Ama bu kez belki de tarih tersine akıyor. Bana göre, sakinlikten sonra fırtına geliyor olabilir…

Son on gün içinde İran’da görünüşte bir huzur hâkim. Resmî medya, ABD ve İsrail’in geri çekildiğini, Tahran’ın üstün geldiğini ilan ediyor. Ama gerçekte, yerin altındaki fay hatları sessizce geriliyor. Patlayan her gaz borusu, yanan her depo, aslında bu sessizliğin içindeki şüpheleri çoğaltıyor.

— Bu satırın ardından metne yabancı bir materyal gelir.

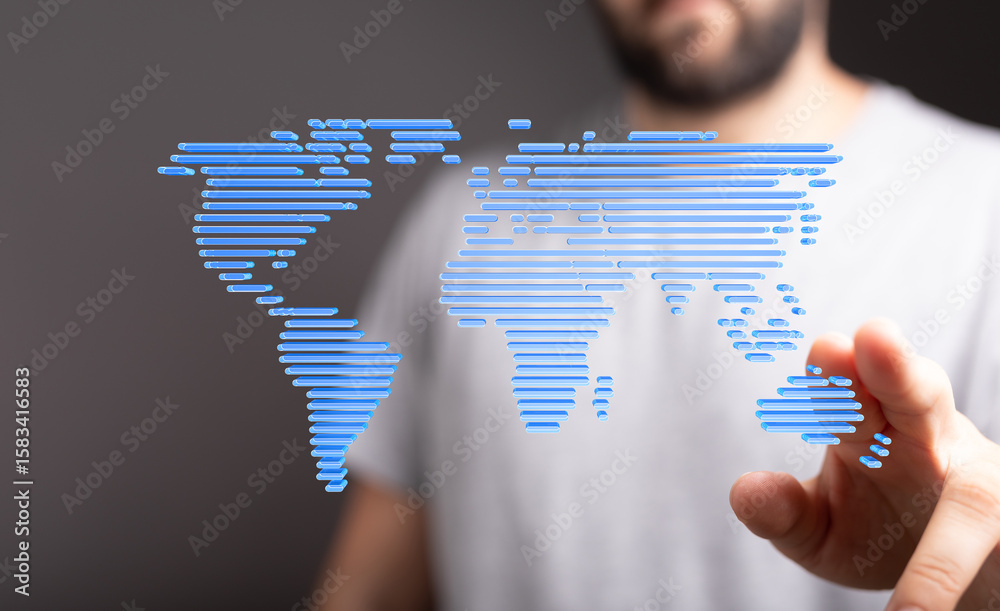 Poster abstract image of a digital world map, representing global connectivity and networking.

İran’ın farklı kentlerinde neredeyse her gün yaşanan “küçük” patlamalar, resmi açıklamalarla geçiştiriliyor: gaz sızıntısı, teknik arıza, elektrik kontağı… Ama halk bu anlatılara inanmıyor. Zira hafızalar taze; İran, daha önce de krizleri örtbas etmek için aynı dili kullandı. Bu kez olan farklı: Yangının içeriği teknik değil, siyasi.

İki gün önce İsrail’in İran’a yönelik yaptığı alaycı açıklama, bu örtülü savaşın dilini açık eder nitelikteydi: “Gaz sızıntılarına dikkat edin.” Bu bir uyarı değil, bir zafer işaretiydi. Mossad’ın İran’daki etkinliği artık öyle bir seviyeye ulaştı ki, içeriden istihbarat almak bir başarı olmaktan çıktı; şimdi doğrudan oyun kurma evresindeler.

Casusların Gölgesi, Rejimin İçinde

Eski dışişleri bakanı Muhammed Cevad Zarif’in geçtiğimiz günlerde yaptığı açıklama bu anlamda tarihi bir kırılmaydı. Zarif, “Casusların sayısı çok fazla ve bu iş organize bir şekilde yürüyor” diyerek, rejimin merkezine kadar sızan bir güvenlik krizini resmen ifşa etti. İran tarihinde bu denli üst düzeyden gelen açık bir iç alarm az görülmüştür.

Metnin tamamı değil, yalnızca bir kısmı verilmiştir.